Materials: Analysis of transcriptomic, cytometric, cytokine, and autoantibody data from the European cohort of the PRECISESADS project.

Results: A comparative analysis of 289 systemic sclerosis patients with 289 age- and sex-matched controls reveals increased expression of interferon genes and activation of innate immunity, particularly neutrophils, in our patients. Unsupervised clustering of patients distinguishes three groups with varying degrees of similarity to the control group. Cluster 1 (164 patients) is similar to controls, Cluster 2 (92 patients) is intermediate, and Cluster 3 (28 patients) is highly distinct from controls. A common interferon signature is found within all three clusters. Cluster 3 is characterized by a strong neutrophilic signature and decreased expression of B and T cell genes. Cluster 2 (92 patients) is characterized by an interferon signature and decreased expression of T, B, and NK cell genes. Cytometry data confirm this signature, showing increased neutrophils in Cluster 3, decreased CD4 T cells in Clusters 2 and 3 compared to controls, and decreased NK cells in Cluster 2 compared to controls. Inflammatory cytokines such as IL6 and TNF-alpha are increased in clusters 1 and 2 compared to controls (data lacking for cluster 3). However, IL1 RA is increased in cluster 3. Antibody profile is balanced between anti-centromere and anti-Scl70 antibodies in clusters 1 and 2, cluster 3 is characterized by a predominance of anti-Scl70 antibodies. The clinical manifestations in cluster 3 are also more severe, with more pulmonary arterial hypertension and pulmonary fibrosis.

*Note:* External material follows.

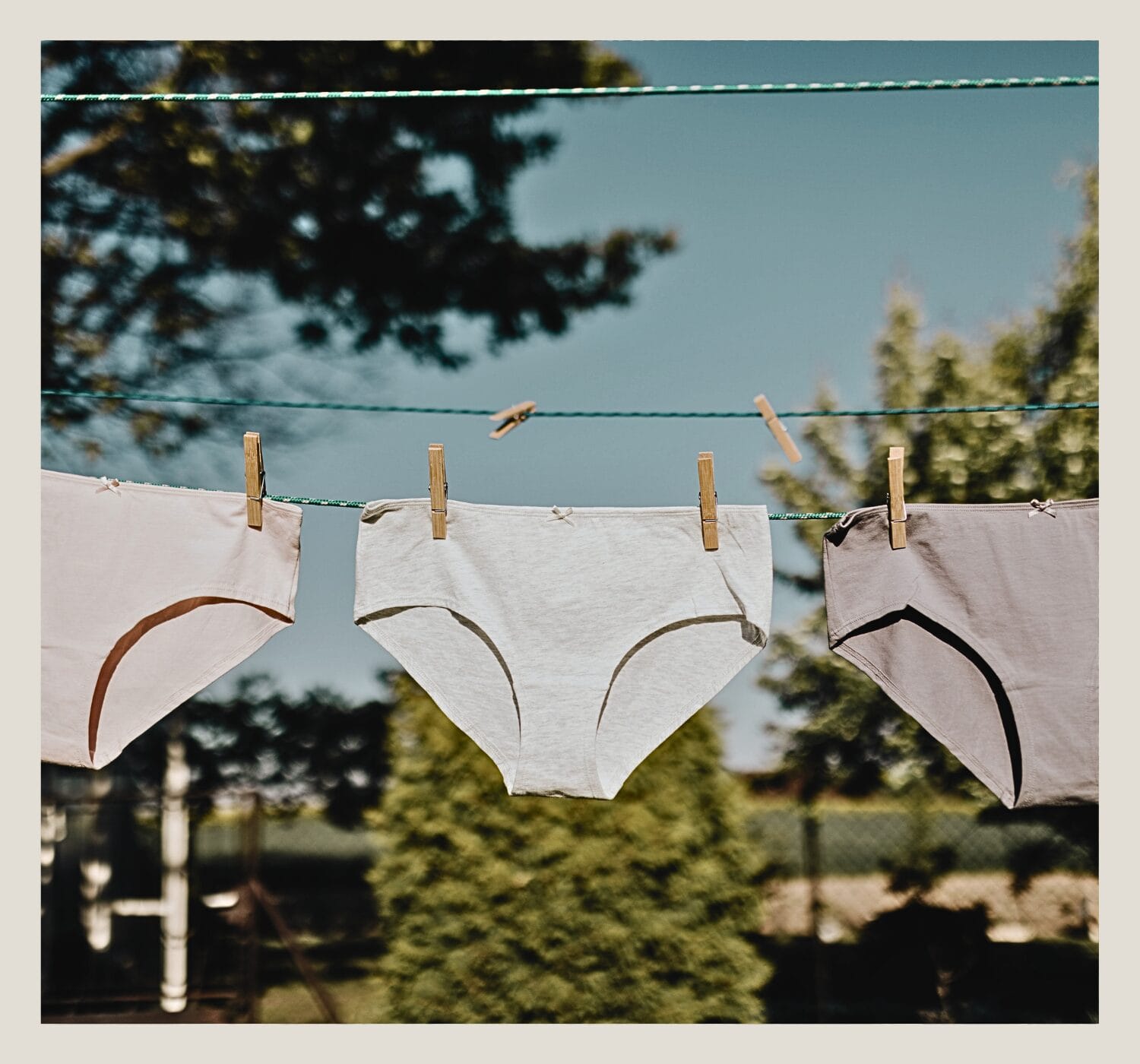 The Unexpected Things That Make You Happy After 40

Discussion: This study confirms the interferon signature associated with systemic sclerosis already described in the literature. It also highlights the biological heterogeneity of systemic sclerosis patients, with different groups of patients presenting distinct clinical, transcriptomic, cytometric, and cytokine characteristics.

Conclusion: Systemic sclerosis is a clinically described disease encompassing partially different biological mechanisms, which should be taken into account in therapeutic approaches.